A dire vrai, l'analyse du projet de loi de financement de la sécurité sociale pour 2002, formulée par la commission, aurait pu conduire à l'adoption d'une question préalable, c'est-à-dire le refus solennel d'examiner plus avant un projet de loi qui achève de sinistrer les finances sociales et compromet l'avenir.

Mais la commission des Affaires sociales croit à l'instrument que sont les lois de financement même si elle constate qu'il a été méthodiquement dévoyé par l'actuel Gouvernement.



[1] Cf.

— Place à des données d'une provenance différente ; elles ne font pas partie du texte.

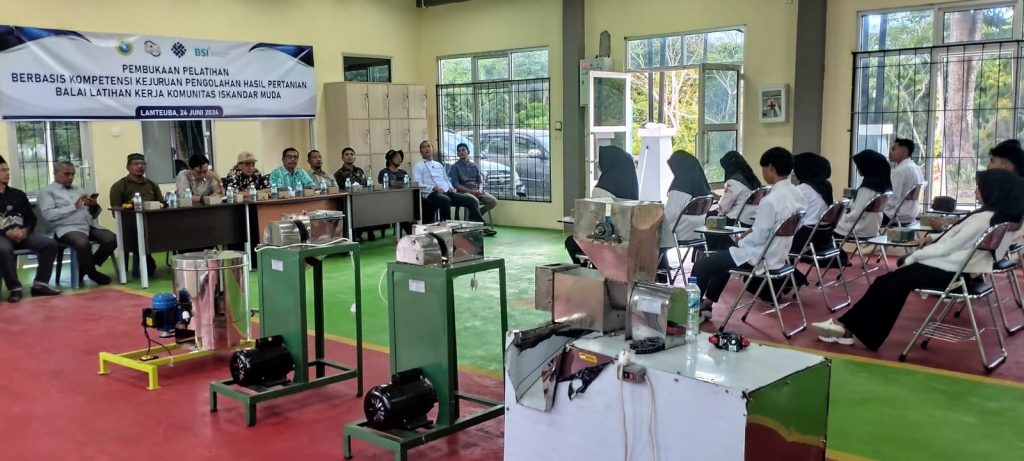 Mahasiswa dan Santri Yayasan Iskandar Muda Lamteuba Dilatih Keterampilan Pengolahan Hasil Pertanian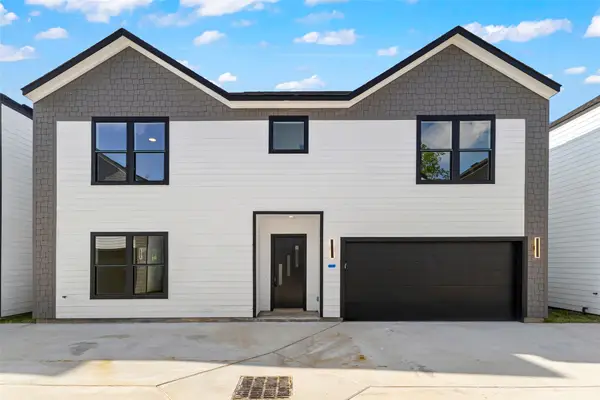 7554 Dyer Street, Houston, TX 77088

Mme Elisabeth Guigou, Audition commission des Affaires sociales du Sénat, 30 octobre 2001.

Aussi a-t-elle choisi de faire apparaître une alternative pédagogique conduisant à rétablir la sécurité sociale dans l'intégralité de ses recettes avant la multitude des ponctions qui se sont superposées au cours des trois derniers exercices.

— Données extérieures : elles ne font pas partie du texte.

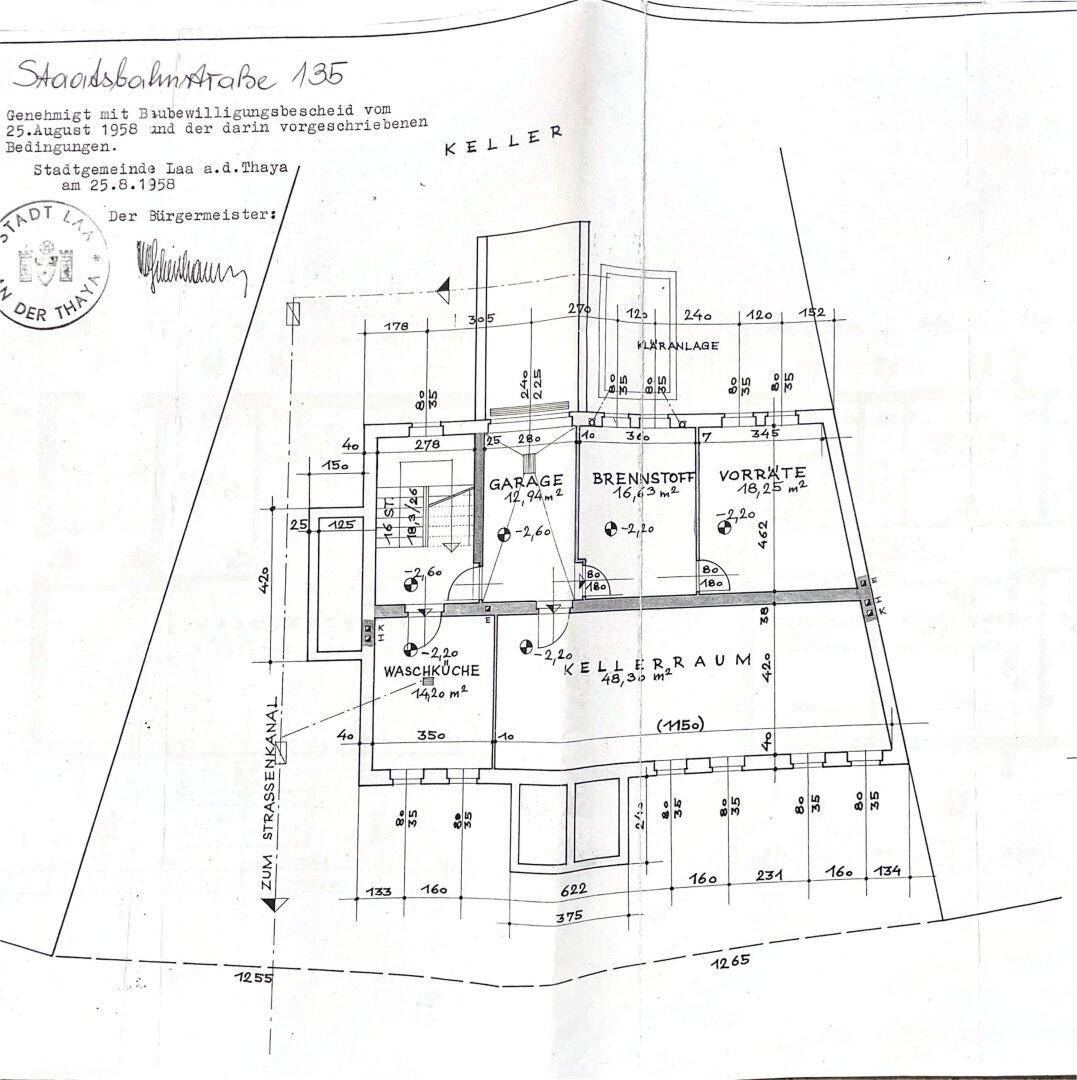 Grundriss des Kellers mit Garage, Waschküche, Brennstofflager und weiteren Kellerräumen.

Il en résulte un régime général doté d'un excédent de 35 milliards de francs pour 2002.

En premier lieu, cet excédent, à l'évidence, « n'est pas de trop ». Libre au Gouvernement à titre pédagogique, de retenir des hypothèses « patriotiques » ou « angéliques ». Mais la prudence veut que la sécurité sociale puisse faire face à un risque de déconvenue qui n'est pas « absolument déraisonnable »[1].

Cet excédent fait apparaître en second lieu les marges de manœuvre qui auraient pu être celles de la sécurité sociale pour mener une politique familiale ambitieuse, pour assurer de façon crédible l'avenir des retraites, pour restructurer notre système de soins et clarifier les principes sur lesquels il est fondé.

Les réformes de long terme -celles précisément qui ne s'apparentent pas aux nombreux « plans de sauvegarde » qu'a connus la sécurité sociale au cours des trente dernières années- ne se font pas, en effet, sur fond de crise financière.

A mi-parcours de l'exercice 2002, notre pays risque fort de retrouver des comptes sociaux fortement dégradés, dépourvus, de surcroît, des réserves financières qu'auraient dû apporter la croissance et une protection sociale toujours en attente des efforts et des réformes indispensables, sans plus aucune marge de manœuvre pour les entreprendre dans de bonnes conditions.

 

[1][1] Pour reprendre (voir plus haut) l'expression de Mme Elisabeth Guigou.